Kaybedilen paraya değil, sanatçıya karşı işlenen ayıba…
***
Bildiğiniz üzere 32 yıl yeminli tercümanlık yaptıktan sonra emekli oldum ve hobim Fransızca-Türkçe dilleri arasında şiir veya şarkı sözü çevirisi yapmak…
Örnek aldığım insan Bursa’da Heykel’in karşısında tiyatrosu bulunan, bir dönem Paris’te Osmanlı sefirliği de yapmış olan üstad Ahmet Vefik Paşa…
Yabancı öğrenciler Fransızca eğitim alıyor ve aralarında Fransızca konuşuyorlardı…
Lâkin bir dili mekanik olarak konuşmak ayrı, o dilde ifade edilen edebi iklime girebilmek ayrıydı…
Söz konusu olan bizler Verviers’de şarkı dinlerken uçan halıya binip bedavaya San Francisco’daki Mavi Ev’dekilerin arasında olabilmekti…

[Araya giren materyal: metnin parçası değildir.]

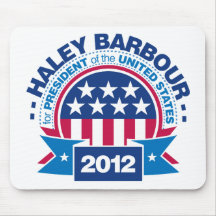 Haley Barbour for President 2012 Mouse Mats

O iklimi, o duygusallığı paylaşmaktı…
Ama bunu diploma alıp ülkesinde ekmek parasına kavuşmayı hayal eden gençlerin Fransızca bilgilerinden beklemek hayalcilikti, iyimserlikti…
***
Ki bu insanların çoğu eski Fransa veya Belçika sömürgelerinden gelmekteydi…
Vietnam gibi, Kamboçya gibi, Lübnan gibi, Kongo gibi, Fas gibi, Cezayir gibi, Tunus gibi ülkelerden kimya veya tekstil mühendisi diploması almaya gelmiş gençlerdi…

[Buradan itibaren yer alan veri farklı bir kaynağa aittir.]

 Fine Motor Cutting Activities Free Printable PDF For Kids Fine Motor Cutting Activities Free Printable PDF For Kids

Benim gurur kaynağım azınlıkta kalan Türk öğrenci grubuna rağmen başkan seçilmiş olmam ve onlarda eksik kalan kültürel boşluğu olabildiğince doldurma imkânına kavuşmuş olmaktı!
***
Sonra Paris’e dönen Maxime Le Forestier’yi tren garında uğurladım.
Hiç tanınmadığında da severdim, tanındıktan sonra da sevdim, bugün de seviyorum…
Fransızca bilen veya bilmeyen tüm sanatseverlere onun melodilerini ve ses tınısını dinlemelerini candan tavsiye ederim.